Feature engineering - Week 2: Regression with multiple input variables |

I have a doubt in the feature engineering topic. Professor mentioned talked about an example in the lecture video where he performs feature engineering to create a new feature (area) and increases the number of columns, in other words, he has increased the dimensions that go into the regression model. After seeing his approach, I thought of simplifying the model by reducing the dimensions by eliminating the length and breadth of the house land and just use the new feature, area and make the model as a simple linear regression instead of making it multiple linear regression. Does my idea make sense?
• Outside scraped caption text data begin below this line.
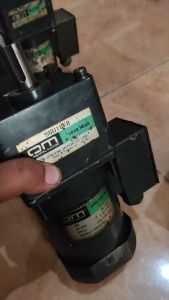 AC Dinamo Motor Gearbox 90W 3Phase 380V-400V Ratio 1:18 SpeedOutput 83Rpm ORIENTAL MOTOR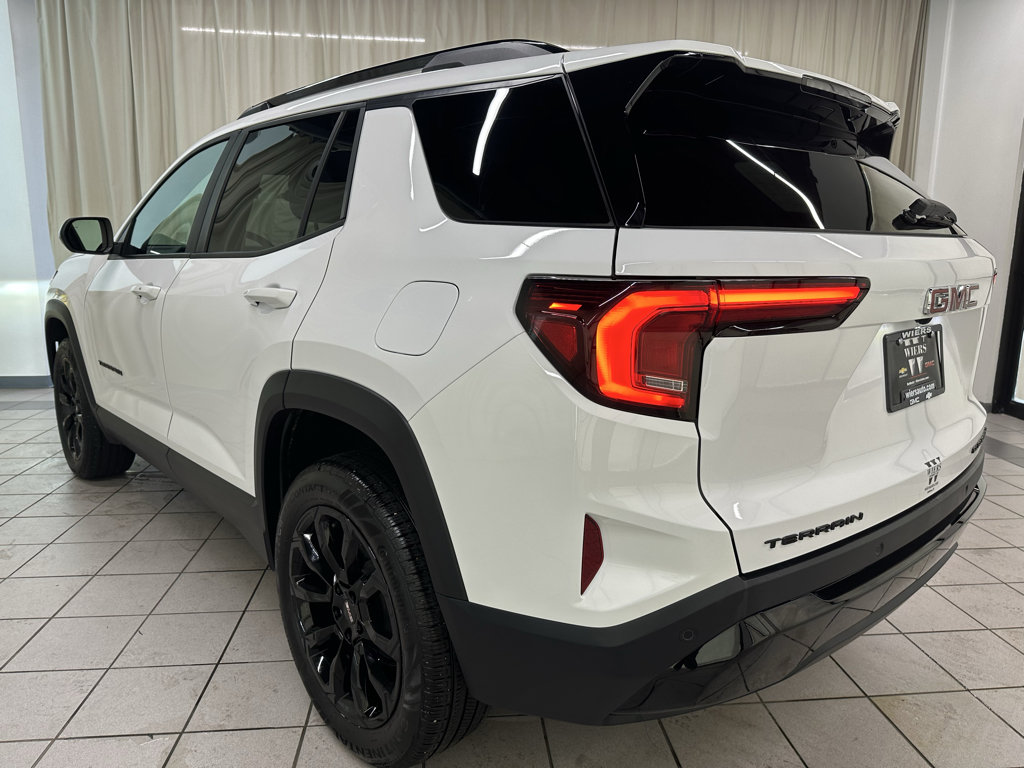 Used 2026 GMC Terrain Elevation w/ Elevation Premium Package FWD image 10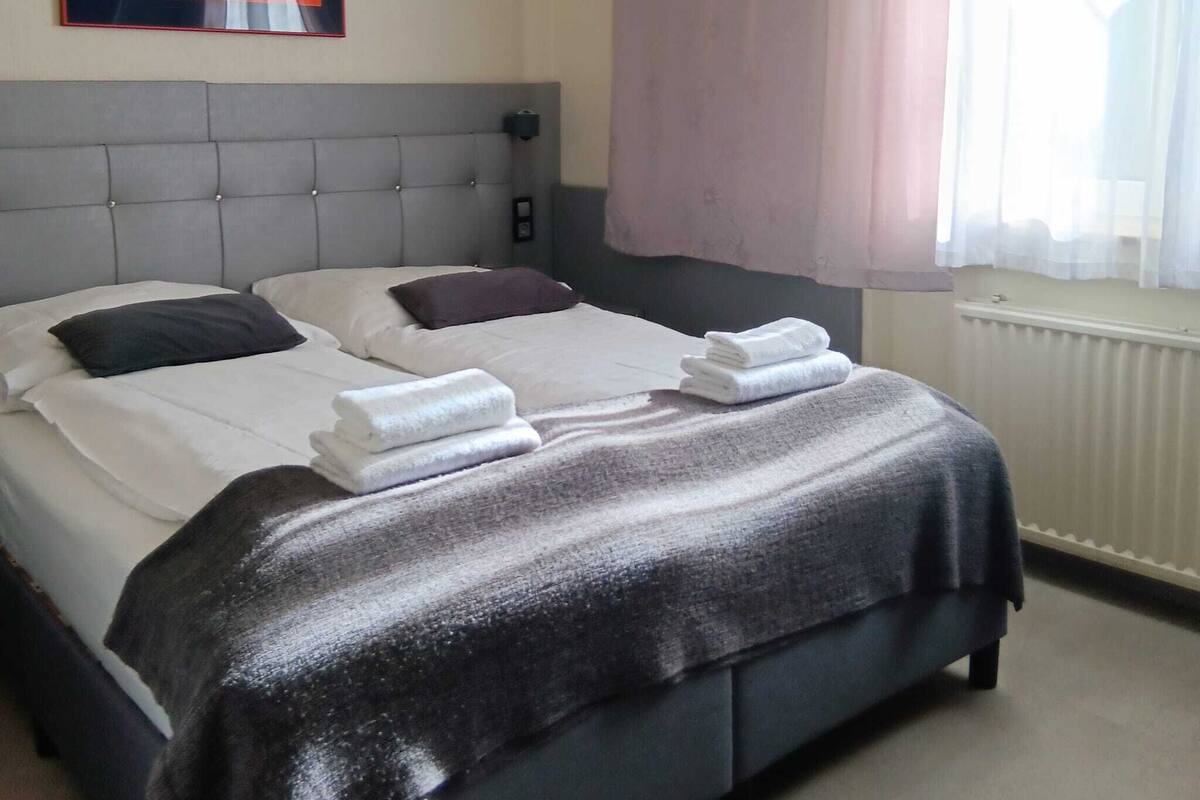 經濟客房 | 迷你吧、書桌、手提電腦工作空間、免費 Wi-Fi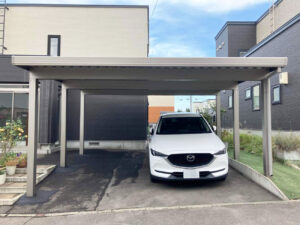 外観に調和した屋根付き駐車スペースへ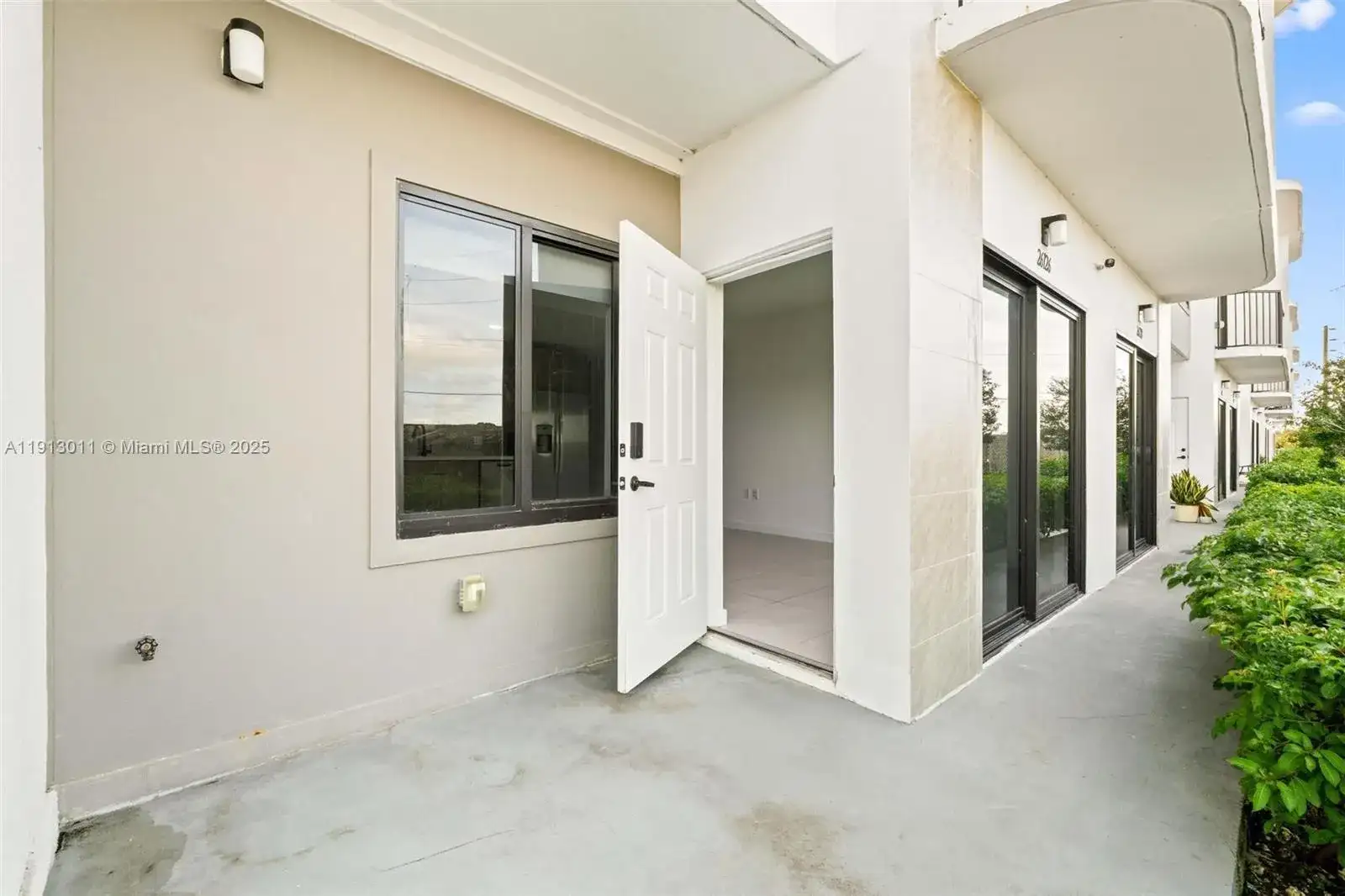 26126 SW 146th CT # 26126, Homestead FL 33033 photo 5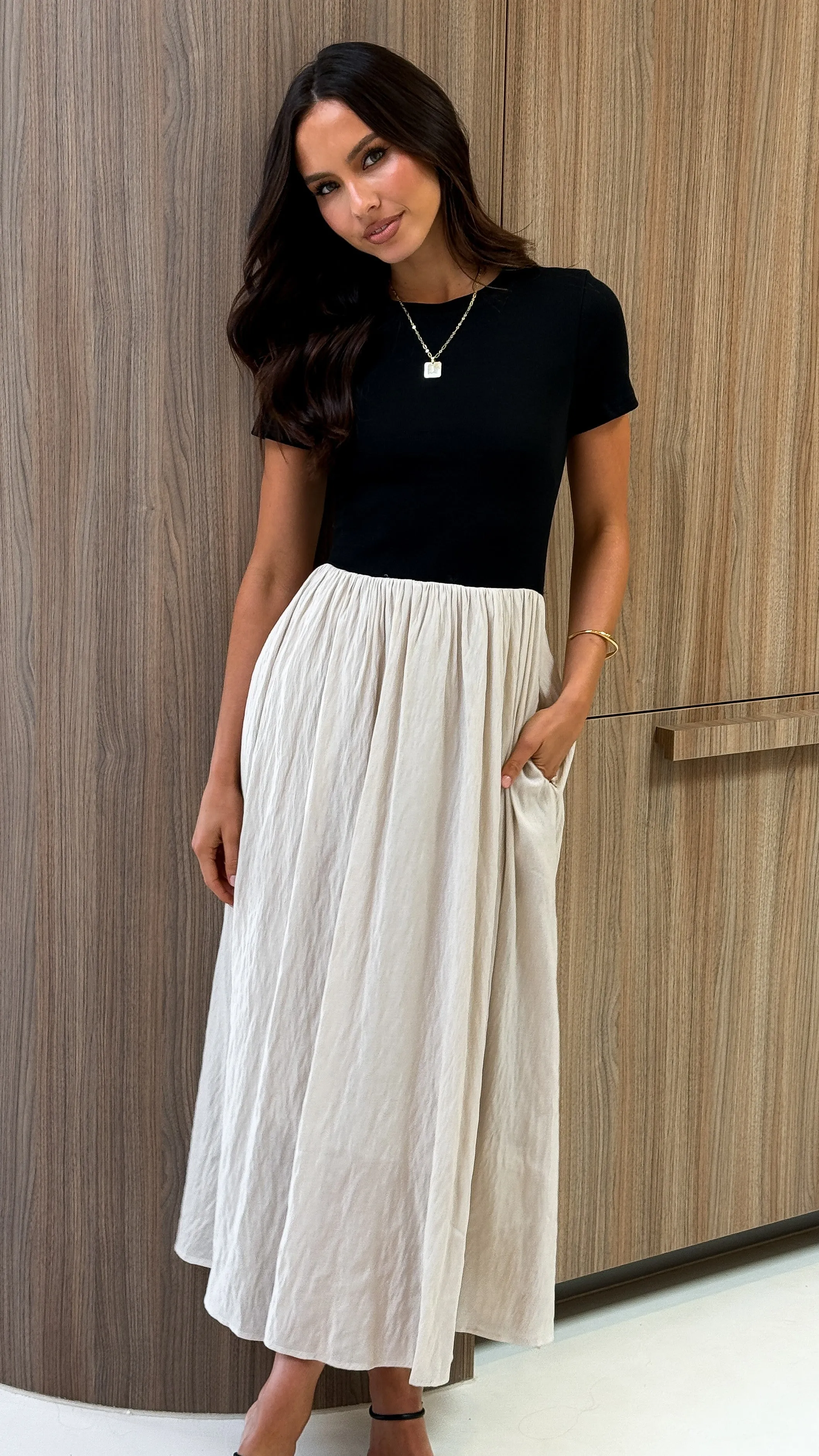 Portia Maxi Dress - Black / Cream Harvest Glow A-Line Cut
Adding new features can be very helpful.

Removing features is not helpful, because you do not know whether they are important.

Adding features my result in high dimensions right? And this can become an issue and may lead to overfitting right?

Hello @Praveen_Chandrasekar,

I think your idea is absolutely worthy to be tested. The topic of overfitting and the technique of discovering whether our model is overfitting the training data is in course 2, but we can talk about a tiny part of it which is relevant to our discussion.

The idea is we want the model to do well in a set of non-training data called “cv data”, so in order to test whether the features we want to remove are important for the model to do well on “cv data”, we train two models: (A) with those features removed and (B) keeps those features, then we evaluate both models on our cv dataset and see which scores higher.

If the model (A) scores better, this validates your assumption that removing them is better than keeping them. Making assumptions is important, and validating your assumptions is as important. :slight_smile: You will find out more in course 2.


Thanks for the detailed explanation! :slight_smile:

You are welcome @Praveen_Chandrasekar!